Commit-ID: c741196df8a42602965f781e0f09462de81742e2
Gitweb: http://git.kernel.org/tip/c741196df8a42602965f781e0f09462de81742e2
Author: Suresh Siddha <[email protected]>
AuthorDate: Mon, 1 Feb 2010 18:00:25 -0800
Committer: H. Peter Anvin <[email protected]>
CommitDate: Mon, 1 Feb 2010 18:26:54 -0800

x86: ptrace and core-dump extensions for xstate

Kernel ptrace, core dump extensions to support AVX state etc. This interface
(PTRACE_GETXSTATEREGS, PTRACE_SETXSTATEREGS, NT_X86_XSTATE) is designed to
support all the future state that gets supported using xsave/xrstor
infrastructure.

Looking at the memory layout saved by "xsave", one can't say which state
is represented in the memory layout. This is because if a particular state is
in init state, in the xsave hdr it can be represented by bit '0'. And hence
we can't really say by the xsave header wether a state is in init state or
the state is not saved in the memory layout.

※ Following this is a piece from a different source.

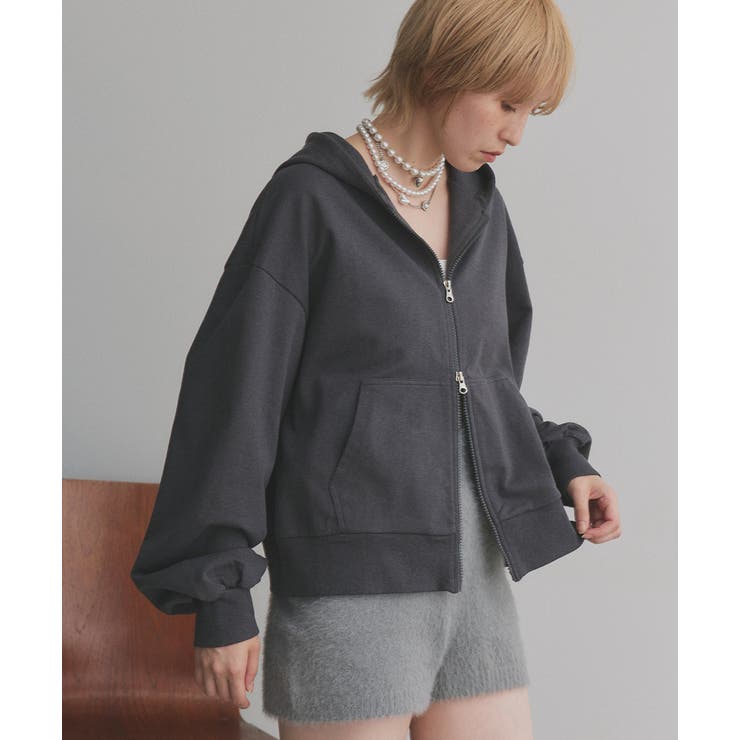 ダブルジップスウェットパーカー | ad thie | 詳細画像61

And hence the xsave memory layout available through the PTRACE_GETXSTATEREGS
and the core dump(NT_X86_XSTATE) uses SW usable bytes [464..511] to convey
what state is represented in the memory layout.

First 8 bytes of the sw_usable_bytes[464..467] will be set to OS enabled xstate
mask(which is same as the 64bit mask returned by the xgetbv's xCR0).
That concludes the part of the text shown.